Ils s’appellent DeepL, Microsoft Translator ou Reverso, et sont entrain de précariser au fur et à mesure que leurs performances s’accroissent, tout un corps de métier réputé jusqu’ici intouchable tant il touchait à la sensibilité et au savoir humain, les traducteurs littéraires.

Ces derniers se trouveraient rétrogradés à de simples missions de correction après emploi de ces traducteurs automatiques par les éditeurs. Et ce, dans des conditions de plus en plus désavantageuses, voire illégales. Selon une étude de l’ATLF (l’Association des traducteurs littéraires de France), 68 % des traducteurs seraient rémunérés en dessous des tarifs moyens. Certains éditeurs leur factureraient des prestations sous le régime de l’auto-entrepreneur, les empêchant de percevoir leurs droits d’auteur, soit entre 1 et 2 % des ventes du livre.

Le Graal de l’IA

Dès 2018, l’Atlas (Association pour la promotion de la traduction littéraire) lançait un observatoire de la traduction automatique, mis à jour chaque année afin de suivre l’évolution des performances en matière d’intelligence artificielle des traducteurs automatisés en ligne. Un corpus de 40 textes (Shakespeare, Dostoïevski ou encore Kafka) avait été sélectionné, présentant « une diversité de difficultés, tant par les formes et les visées, que par les effets et les contextes. D’une littérature à l’autre, les textes passent de la prose classique à la prose contemporaine, de la poésie au théâtre versifié ou encore à la non-fiction » expliquait l’association sur son site.

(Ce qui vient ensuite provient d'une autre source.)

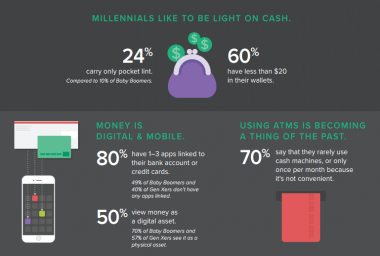 New report from Circle shows that millennials prefer digital money over cash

Résultat, si les traducteurs automatiques s’améliorent à une vitesse fulgurante grâce au machine learning, permettant aux IA de cumuler des données via des modèles mathématiques d’apprentissage, il leur manquerait encore cette part d’humanité qui fait le sel de la littérature. « La compréhension du monde, la conscience, sont des choses très, très, difficiles à modéliser. C’est le Graal de l’IA. On ne sait pas vraiment par quel bout l’attraper. Ni même comment réfléchir dessus. En réalité, on ne connaît même pas les ingrédients pour imaginer la recette », explique Antoine Bordes, directeur du centre européen de recherche en IA (FAIR) dans un rapport publié en 2021.

5486 signatures

Après plusieurs tribunes dont celle de l’AVTE (Audiovisual Translators Europe), du STAA CNT SO (Syndicat des travailleur.euses et artistes.auteur.ices), de l’Atlas et l’ATLF, une dernière pétition a été mise en ligne en septembre 2023, par le collectif « Pour une traduction humaine » et soutenue par des centaines d’auteurs dont Annie Ernaux, J.M.G Le Clézio ou Tahar Ben Jelloun. Elle comptait ce 8 février 5486 signatures, avec pour mot d’ordre : « Nous ne voulons pas que l’IA devienne une alternative envisageable à la création humaine ».

Ces signataires ont-ils été entendus ? Il semblerait que oui. Alors qu’une première proposition de loi faisait son apparition à l’Assemblée Nationale le 12 septembre dernier, l’Union Européenne a pris les devants ce vendredi 2 février.Un compromis a été signé entre États-membres pour réguler l’usage de l’intelligence artificielle, comme le préconise depuis 2021 l’Artificial Intelligence Act.